# running emulated/VM Windows on FreeBSD for remote usage



## patpro (Feb 6, 2014)

Hello,

I have a FreeBSD 9.x headless box acting as gateway/firewall/LAN NFS server/etc. I would like to run a small Virtual Desktop Infrastructure (like VMware Horizon View for example) so that 1 client on the LAN can run a full remote windows.
It should support PCoIP as communication protocol, for best results. I played a little bit with Virtual Box, but it looks like I'm stuck with VNC...

Any idea?


----------



## SirDice (Feb 6, 2014)

If it's a Windows virtual machine why don't you enable Windows RDP?


----------



## patpro (Feb 6, 2014)

Well, I know almost nothing about this, but I do believe you can't enable everything on every Windows version: availability of services might depend on the release and the version of Windows. I'm likely to create a win98 VM.
Secondly, I'd be happy to extend the VDI to other OSes.
Finally, does Windows RDP support remote USB (plug USB drive on client, mount inside VM) ?


----------



## SirDice (Feb 6, 2014)

RDP is available from Windows 2000 and upwards. You really shouldn't be using Windows 98 any more, Microsoft stopped supporting it 8 years ago.

The older versions of RDP don't support remote USB but recent versions should, at least partially: http://windows.microsoft.com/en-us/wind ... op-session


----------



## patpro (Feb 6, 2014)

I know that XP is not supported anymore, and that it's a very old release, but frankly I don't care. VDI means no GPU, not much RAM. I won't pay a brand new 8.1 license to find out it kills my fanless low-power FreeBSD box


----------



## SirDice (Feb 6, 2014)

patpro said:
			
		

> I know that XP is not supported anymore, and that it's a very old release,


XP is still supported, until April 2014. It's 98 that's not supported any more. And I very much doubt that recent third party software would install on it. XP should still work but a lot of new software requires at least Vista nowadays.


----------



## patpro (Feb 6, 2014)

Damn, sorry for the confusion. From the beginning I was thinking about Win XP, but wrote Win 98. My bad.

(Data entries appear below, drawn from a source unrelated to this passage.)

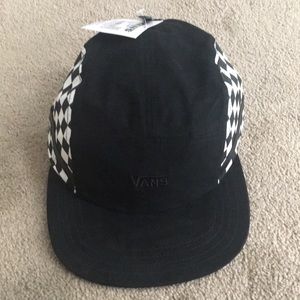 5 panel strap back hat brand new tags attached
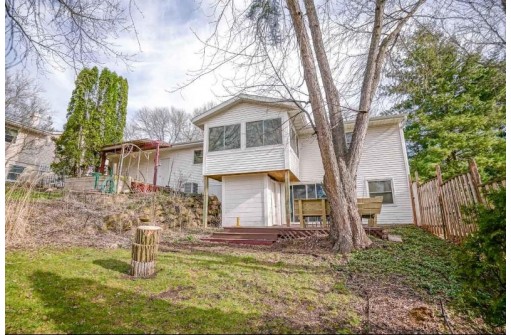 6805 Pilgrim Rd, Madison, WI 53711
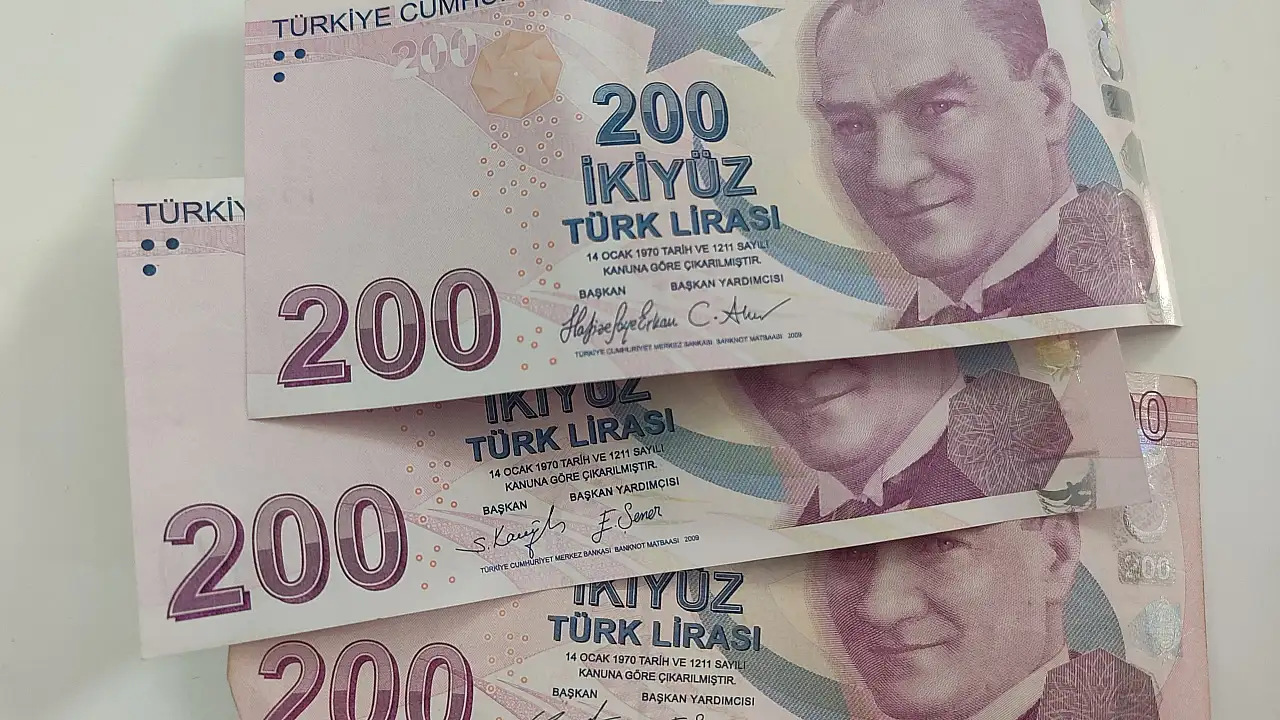 Emekliye Müjde! TC Kimlik Numarasının Son Hanesine Göre Yatırılmaya Başlandı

I don't intend to run modern software on this VM, and I know XP is all I need (I run other WinXP). I don't want this thread to turn into a "what is best windows as guest OS" discussion. My goal is to achieve VDI on top of FreeBSD headless box, with a communication protocol that would be - if possible - handled by hypervisor so that the guest OS is irrelevant. PCoIP would be great, because it allows many things (sound, USB...)


----------



## SirDice (Feb 6, 2014)

Windows XP's RDP does do sound but I'm not sure about the remote USB features. I'm afraid we don't have virtualization software that can do all the things you want it to do. I don't think Linux's XEN or KVM would either. Have you thought about running VMWare ESXi on bare metal? You would have to virtualize your FreeBSD but you can run both FreeBSD and Windows XP on the same machine at the same time.


----------



## patpro (Feb 6, 2014)

ESXi could be a solution, but don't want to get rid of FreeBSD as host system, and even ESXi does not come with PCoIP protocol.
May be Virtual Box is the way to go, but last time I checked the FreeBSD port, it lacked VRDP support (and apparently, it won't happen soon).


----------